For a childhood like that, there are a lot of stories that influenced my poetry. Perhaps, I should finally talk about Marzuq. The one who came and didn’t stay. But he didn’t leave without a fight. He inspired my first poem on death titled “Lost Soul”. Marzuq was caught between life and death for the whole of the nine months he lived on earth. Not a single day of a normal life did he have, not even the day he was born.
Marzuq could not pass faeces through his anus right from day one on earth, so he was operated on the stomach. Marzuq’s faeces came out of his belly from the day he came to earth till the ninth month when he left.
I’d never forget the day he died, Marzuq looked me in the eye, and I saw how much pain he was in. He was just nine months old. He was laid on the bed, as usual on his back for his siesta. He slept and woke up. I checked on him, I sat on the bed and took a long and deep look at Marzuq as though I had not been the only one who knew the art of carrying him apart from my mother. Nobody else could carry him because of the chunk of meat that stuck out of his belly, the part of his skin that every person except my mother and father and the Doctors are forbidden to see. Not even me who knew how to carry him so well.

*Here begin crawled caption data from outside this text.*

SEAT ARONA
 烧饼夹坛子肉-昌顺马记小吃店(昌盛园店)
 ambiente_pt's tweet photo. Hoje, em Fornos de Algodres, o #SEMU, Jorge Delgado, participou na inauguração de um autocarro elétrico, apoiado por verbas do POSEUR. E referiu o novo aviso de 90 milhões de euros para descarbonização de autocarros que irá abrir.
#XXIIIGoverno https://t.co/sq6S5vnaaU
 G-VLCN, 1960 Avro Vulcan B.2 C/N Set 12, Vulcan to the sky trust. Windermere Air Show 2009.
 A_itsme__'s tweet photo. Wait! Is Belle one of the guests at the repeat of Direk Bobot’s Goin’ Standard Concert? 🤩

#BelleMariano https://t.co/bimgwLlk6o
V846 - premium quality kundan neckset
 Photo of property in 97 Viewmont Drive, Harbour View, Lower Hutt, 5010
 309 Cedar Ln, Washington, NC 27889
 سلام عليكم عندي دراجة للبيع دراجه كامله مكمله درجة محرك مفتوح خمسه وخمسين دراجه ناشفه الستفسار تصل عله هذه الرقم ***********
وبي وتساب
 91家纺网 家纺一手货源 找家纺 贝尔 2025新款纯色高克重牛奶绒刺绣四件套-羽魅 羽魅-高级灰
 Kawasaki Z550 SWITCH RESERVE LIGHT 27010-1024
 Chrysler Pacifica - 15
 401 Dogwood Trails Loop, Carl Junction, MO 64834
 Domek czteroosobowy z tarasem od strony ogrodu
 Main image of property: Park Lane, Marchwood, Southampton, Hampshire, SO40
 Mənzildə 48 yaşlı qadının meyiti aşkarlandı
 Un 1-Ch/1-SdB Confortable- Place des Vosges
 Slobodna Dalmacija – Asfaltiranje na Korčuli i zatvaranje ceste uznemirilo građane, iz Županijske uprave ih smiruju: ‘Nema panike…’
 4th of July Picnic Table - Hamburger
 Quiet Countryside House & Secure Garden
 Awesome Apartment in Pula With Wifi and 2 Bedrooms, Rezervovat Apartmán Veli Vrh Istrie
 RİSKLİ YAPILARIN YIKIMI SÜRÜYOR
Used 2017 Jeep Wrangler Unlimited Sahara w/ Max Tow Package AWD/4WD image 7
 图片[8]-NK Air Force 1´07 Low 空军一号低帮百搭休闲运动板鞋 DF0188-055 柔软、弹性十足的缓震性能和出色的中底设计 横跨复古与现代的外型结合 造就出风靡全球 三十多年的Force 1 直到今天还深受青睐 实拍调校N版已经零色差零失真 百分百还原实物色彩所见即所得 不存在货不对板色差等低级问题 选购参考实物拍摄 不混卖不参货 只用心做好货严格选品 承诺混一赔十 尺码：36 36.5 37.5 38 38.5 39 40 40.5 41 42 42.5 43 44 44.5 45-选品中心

He just lay there, weak and not being the usual Marzuq that will at least fight to be vibrant or smile. His eyes looked bigger like they were going to pop out of their sockets. I saw him try to lift his hand but somehow, it dropped. He was looking into my eyes until I was about to reach out and then, he slipped his eyes away from mine, like he didn’t want me to see his whole being slipping away. I took his hand into mine, but he slipped it away. I thought he wanted to rest. I thought he needed more sleep. I left him and went to the sitting room to play with my other siblings.
My mother went into the room when I left. I heard her talk to my father on the phone. I was not paying attention because I was with my other siblings. A few minutes after she spoke to my father, they rushed out with Marzuq, and they came back a few minutes after they left. My father held Marzuq, and my mother was crying. My brothers and I didn’t understand what was going on. We saw people trooping, into the same room where Marzuq slept. They wouldn’t even let my brothers, and I go into the room. I didn’t understand what was going on. My brothers did not either. We were just children in primary and nursery classes. Although, I knew something was wrong. My Dad’s younger cousin came. She rushed into the room as she struggled to keep her veil intact.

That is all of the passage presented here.